-- WHAT TO PRODUCE --
Would you transcribe each entry exactly as it stands, omitting the pictures?
====
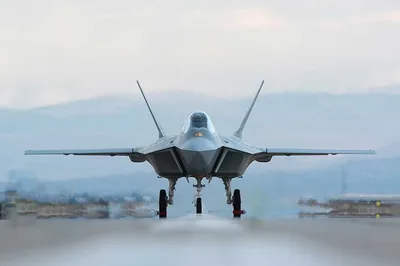 img of Turkey's Fighter Jet Dilemma: The Painful Price of Defense Dependency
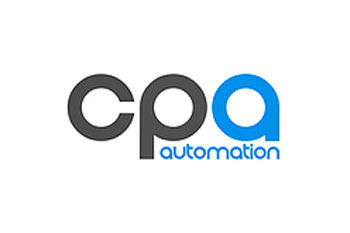 Control & Protection Automation (CPA)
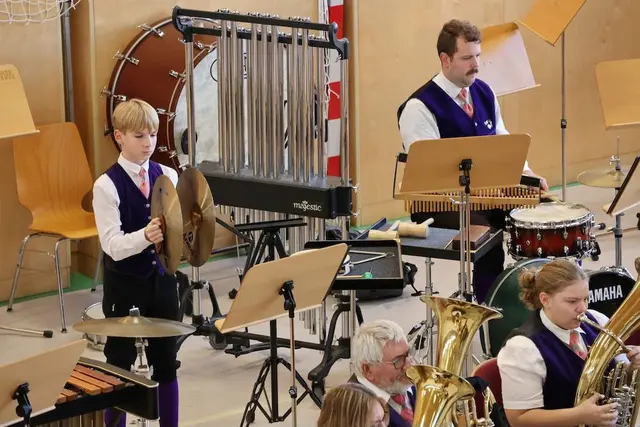 Foto: Wolfgang Hanousek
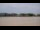 Webcam in Bordeaux, 1.4 mi away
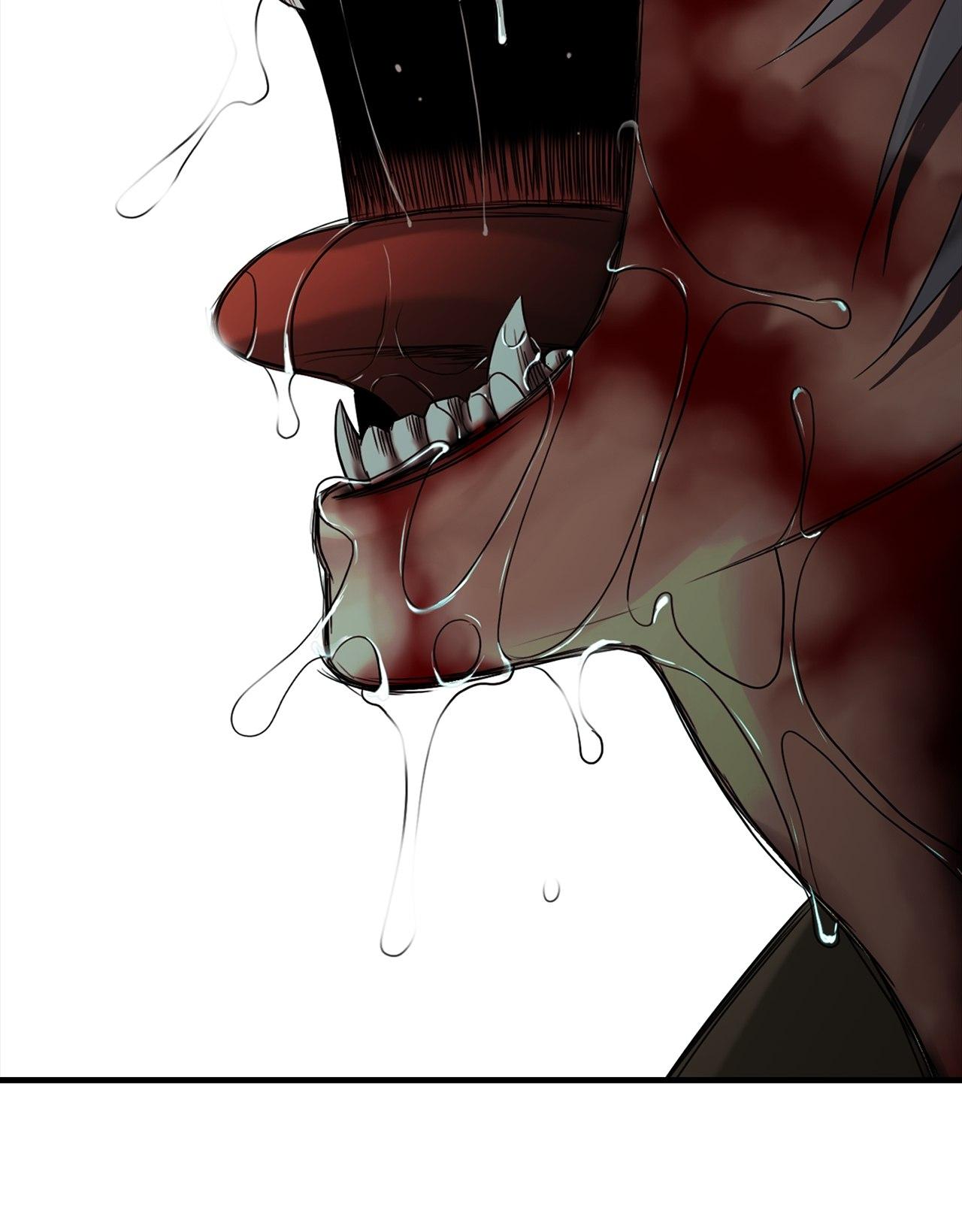 Corrosive Chapter 52 page 28 - 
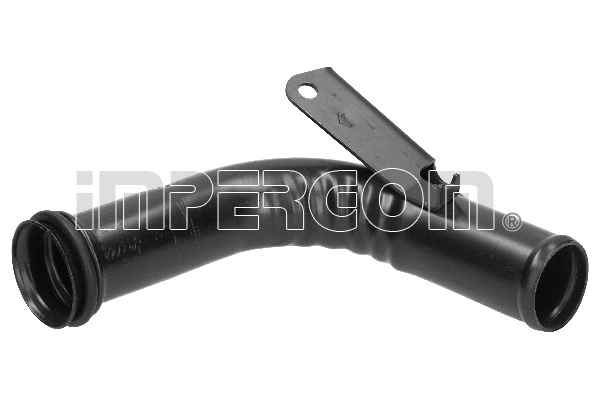 Coolant Pipe (80322)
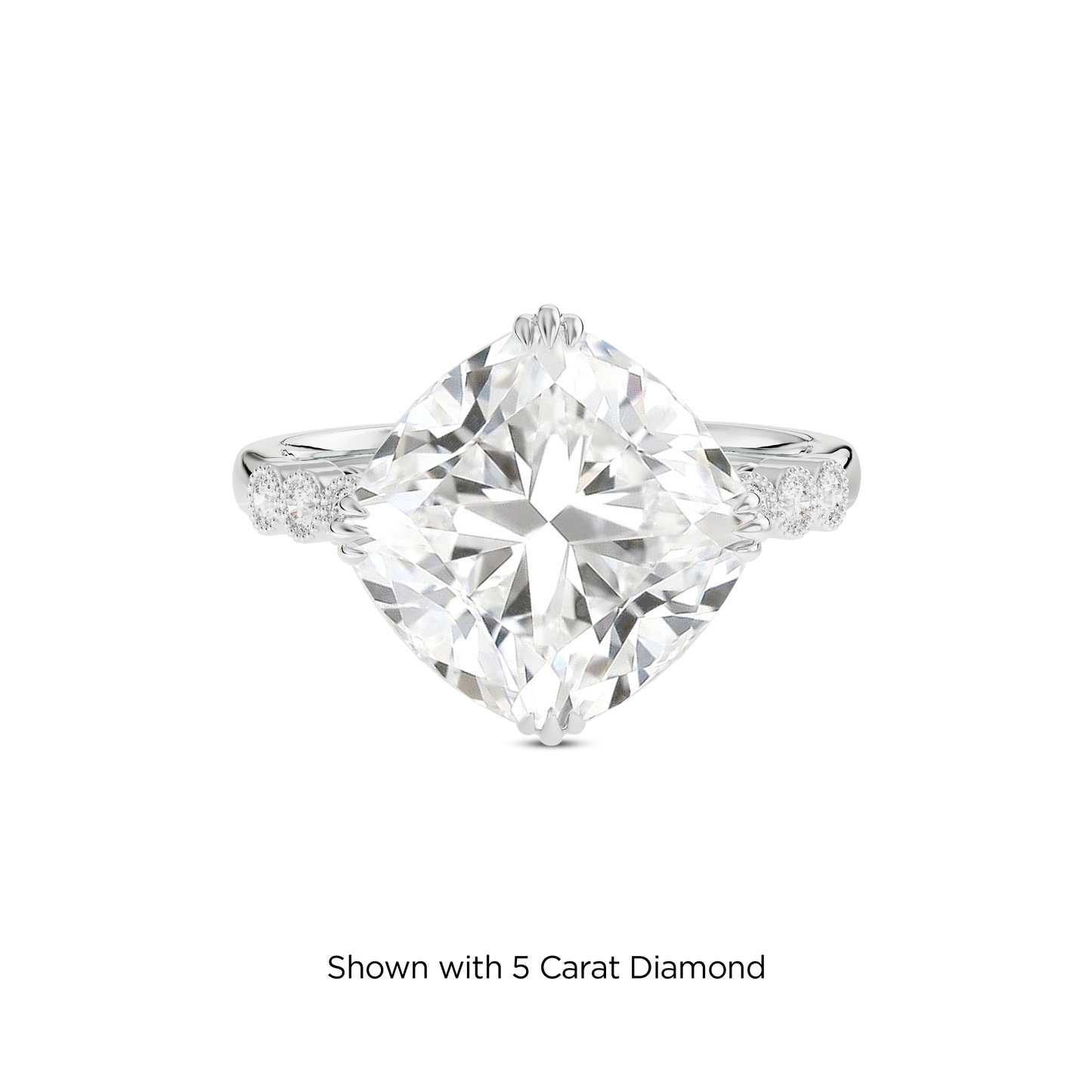 4.5 CT Celeste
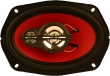 ������������� �������� URAL AS-C6934 Red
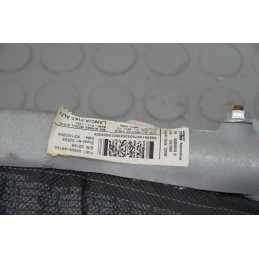 Airbag a tendina sx Alfa Romeo Mito dal 2008 al 2011 cod 00505168750  1771337427288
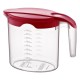 Dzbanek do napojów Orion 121959 (1 l)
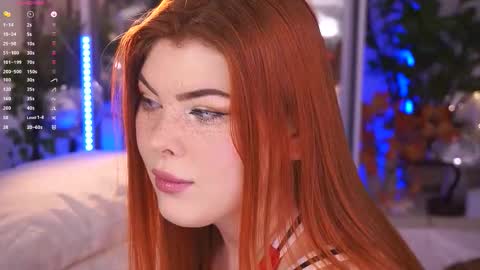 Snapshot of ffoxyflame chatting on September 16, 3:40 am -- stay in touch with me online show from September 16, 3:40 am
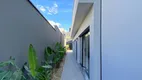 Foto 29 de Casa de Condomínio com 3 Quartos à venda, 692m² em Morato, Piracicaba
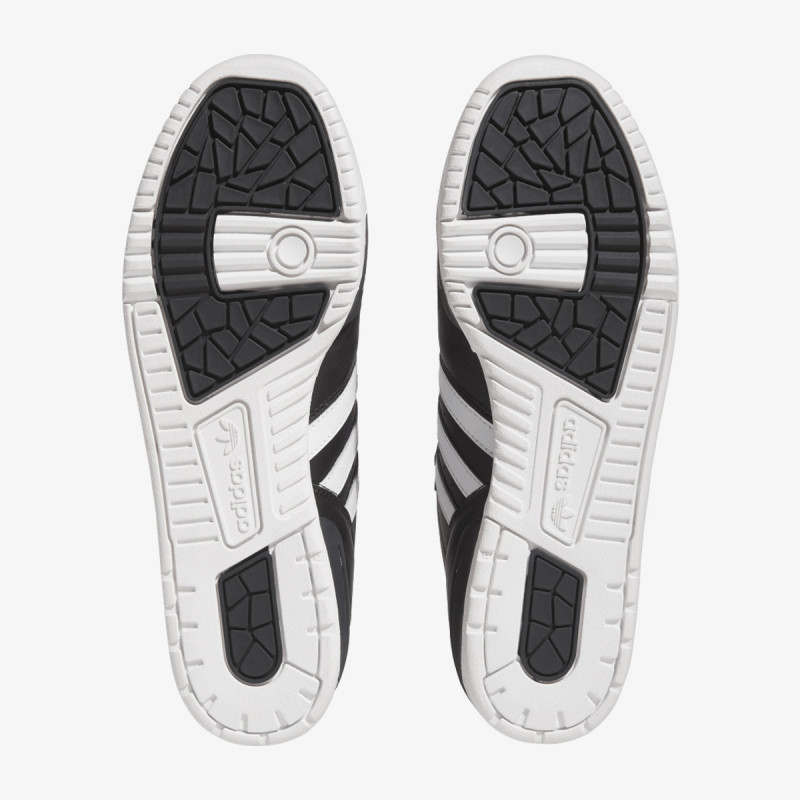 adidas Boty Rivalry Low 
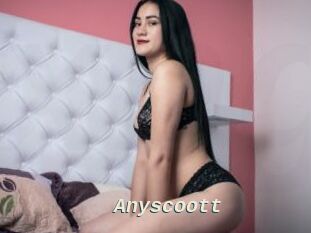 Anyscoott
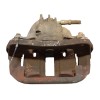 Recambio de pinza freno delantera derecha para volvo s40 i (644) 1.9 di referencia OEM IAM 8251695  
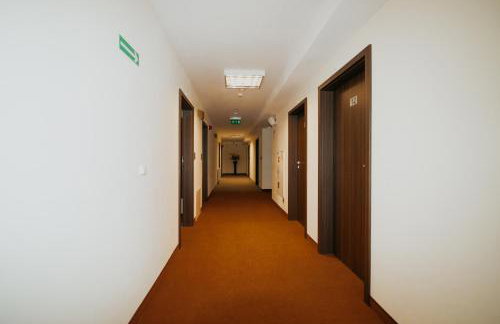 Noclegi - Apartamenty Żołynianka - Foto 9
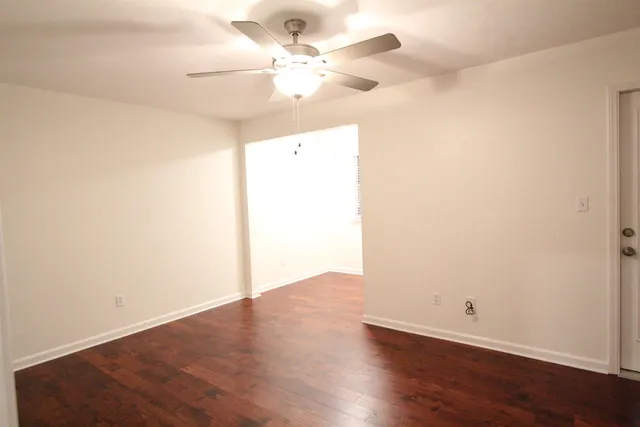 $1,450 | 617 North Magnolia Drive, Tallahassee, FL 32308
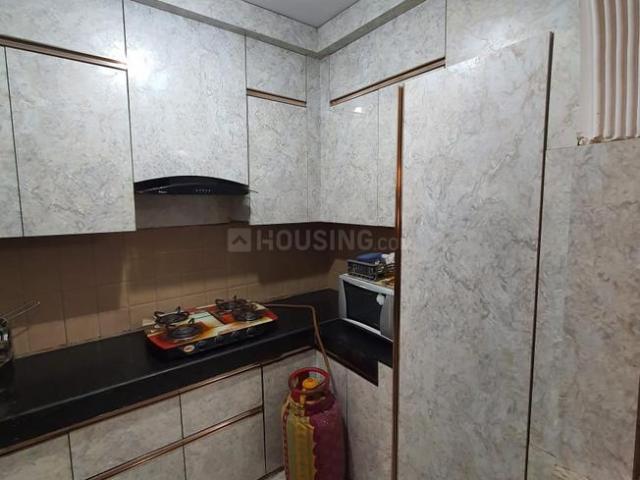 Flat for rent in Lakhana, Arunachal Pradesh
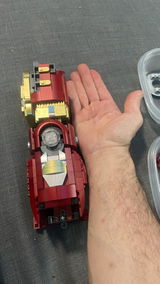 User picture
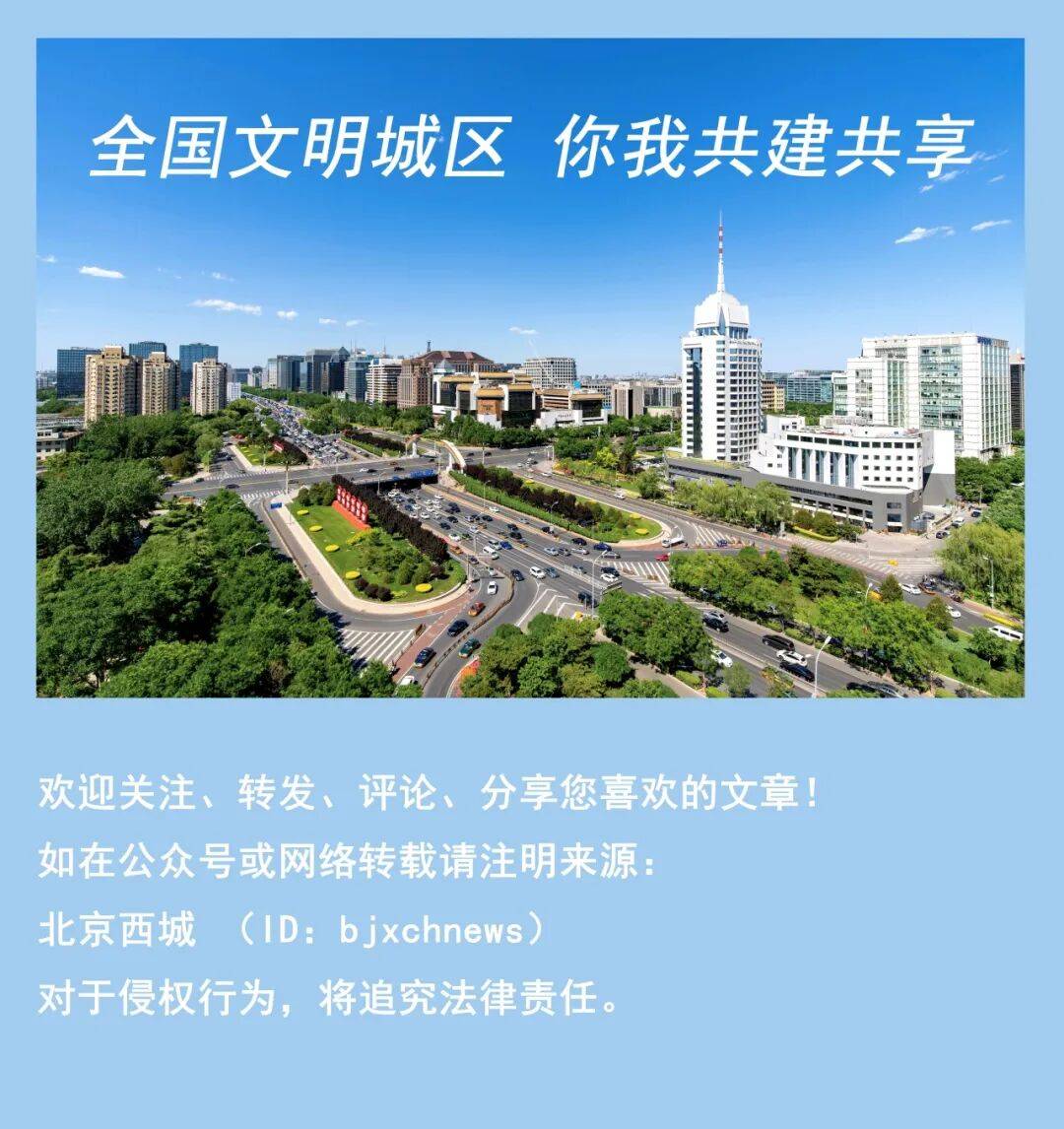 分散性阵雨+雷电+短时阵风6、7级!紧接着,还有一场雨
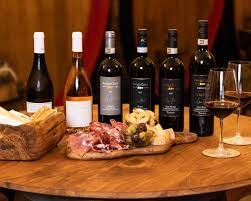 negozio in vendita a Milano in zona Porta Genova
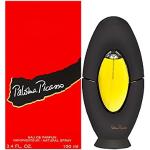 Paloma Picasso Perfume en Spray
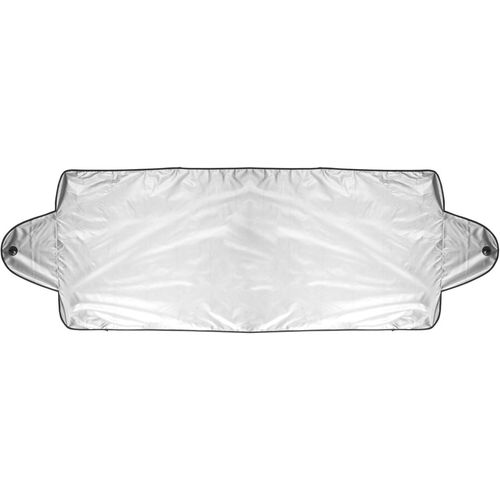 Nylon windscreen cover Dante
====
-- SOLVED PROBLEM --
 img of Turkey's Fighter Jet Dilemma: The Painful Price of Defense Dependency
 Control & Protection Automation (CPA)
 Foto: Wolfgang Hanousek
 Webcam in Bordeaux, 1.4 mi away
 Corrosive Chapter 52 page 28 - 
 Coolant Pipe (80322)
 4.5 CT Celeste
 ������������� �������� URAL AS-C6934 Red
 Airbag a tendina sx Alfa Romeo Mito dal 2008 al 2011 cod 00505168750  1771337427288
 Dzbanek do napojów Orion 121959 (1 l)
 Snapshot of ffoxyflame chatting on September 16, 3:40 am -- stay in touch with me online show from September 16, 3:40 am
 Foto 29 de Casa de Condomínio com 3 Quartos à venda, 692m² em Morato, Piracicaba
 adidas Boty Rivalry Low 
 Anyscoott
 Recambio de pinza freno delantera derecha para volvo s40 i (644) 1.9 di referencia OEM IAM 8251695  
 Noclegi - Apartamenty Żołynianka - Foto 9
 $1,450 | 617 North Magnolia Drive, Tallahassee, FL 32308
 Flat for rent in Lakhana, Arunachal Pradesh
 User picture
 分散性阵雨+雷电+短时阵风6、7级!紧接着,还有一场雨
 negozio in vendita a Milano in zona Porta Genova
 Paloma Picasso Perfume en Spray
 Nylon windscreen cover Dante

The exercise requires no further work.